Die eigenthuͤmliche Anordnung des Erzes und der Kohle in den Oefen,
worin man Blei-, Kupfer- und Zinnerze behandelt, laͤßt
sich durch meine Theorie ebenfalls ganz gut erklaͤren.
A. d. O.
Der von mir aufgestellte, an Folgerungen so fruchtbare Grundsaz laͤßt sich in
seiner groͤßten Ausdehnung folgender Maßen ausdruͤken:- das Kohlenoxyd reducirt alle Verbindungen und carbonisirt alle
Metalle, welche durch Cementation reducirt und carbonisirt werden
koͤnnen.
Die Anwendungen, welche sich von dieser Theorie auf die Vervollkommnung der Hohoͤfen machen
lassen, beruhen darauf, daß diese Apparate nichts als große Maschinen sind, durch
welche man Hize und Kohlenoxydgas auf das Erz einwirken lassen kann; daß diese
Maschinen also um so vollkommener seyn, d. h. bei gleichem Aufwand an Brennmaterial
oder an atmosphaͤrischer Luft einen um so groͤßeren Nuzeffect geben
werden, je vollstaͤndiger sie die Einwirkung dieser beiden Agentien an das
Erz uͤbertragen.
In wissenschaftlicher Hinsicht glaube ich bewiesen zu haben, daß das Verhalten des
Kohlenstoffs keine Anomalie darbietet; denn daß er in der organischen Natur und
besonders bei den oben bezeichneten Erscheinungen eine eben so wichtige Rolle spielt
als wirklich gasfoͤrmige Koͤrper, verdankt er seiner Eigenschaft, mit
dem Sauerstoff zwei fluͤchtige Verbindungen, das Kohlenoxyd und die
Kohlensaͤure zu bilden, die ihm bei den meisten großen Erscheinungen in der
Natur und Kunst, wo er intervenirt, als Loͤsungsmittel dienen.

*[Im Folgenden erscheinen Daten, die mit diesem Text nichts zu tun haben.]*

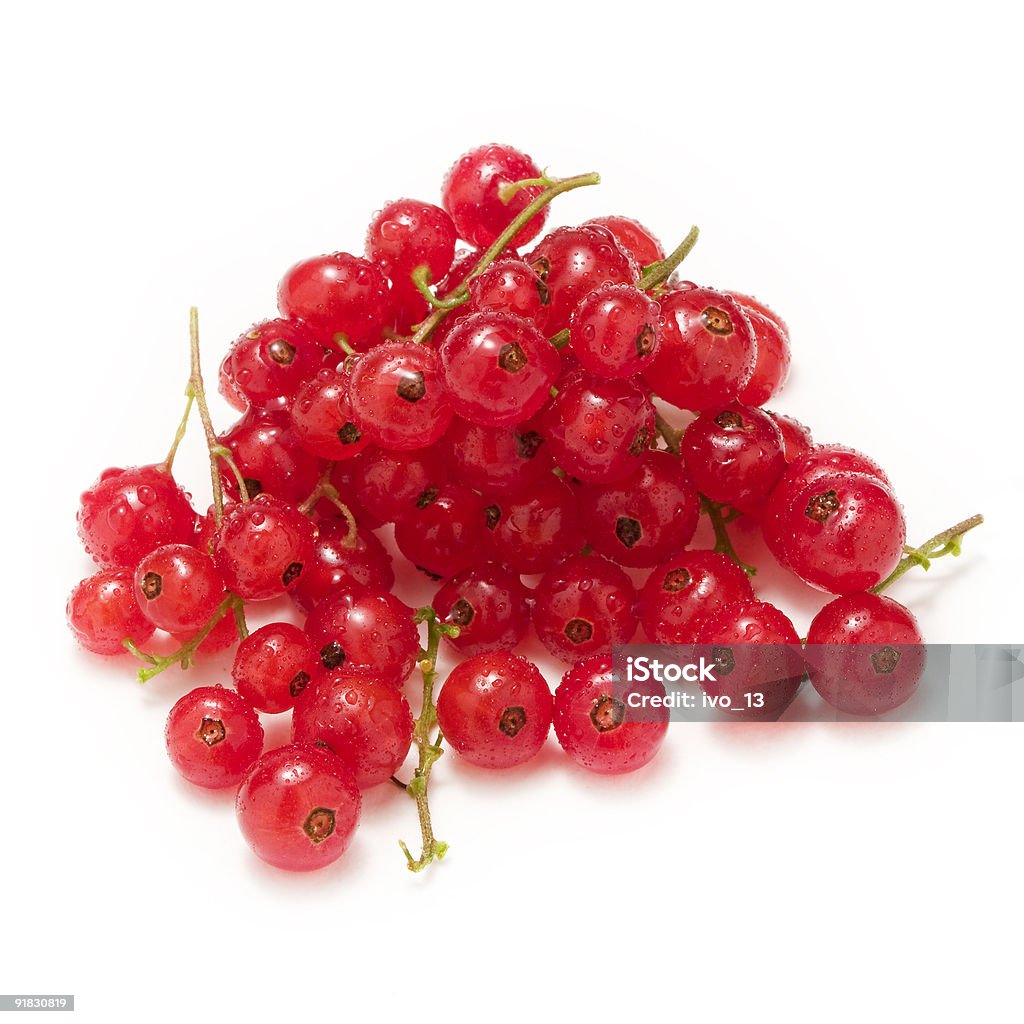 ribes - Foto stock royalty-free di Bianco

Einige entscheidende Versuche, welche ich mit Hrn. Laurent
uͤber mehrere Folgerungen, die sich aus meiner Theorie ergeben, bereits
angestellt habe und noch fortseze, werde ich spaͤter in einer besonderen
Abhandlung bekannt machen.)
Berthier, welcher ohne Zweifel mit den Ansichten
des Verfassers bekannt war, hat in einer seiner neuesten Abhandlungen in
Bezug auf den Hohofenproceß dieselbe Theorie entwikelt; man vergleiche
Polytechn. Journal Bd. LIX. G. 36. Arago vermuthet, daß das Kohlenwasserstoffgas,
welches sich aus wasserstoffhaltiger Kohle entwikelt, beim Cementiren des
Eisens in Kaͤsten eine groͤßere Rolle spielt als das
Kohlenoxydgas (Polyt. Journal Bd. LX. S. 75).
A. d. R.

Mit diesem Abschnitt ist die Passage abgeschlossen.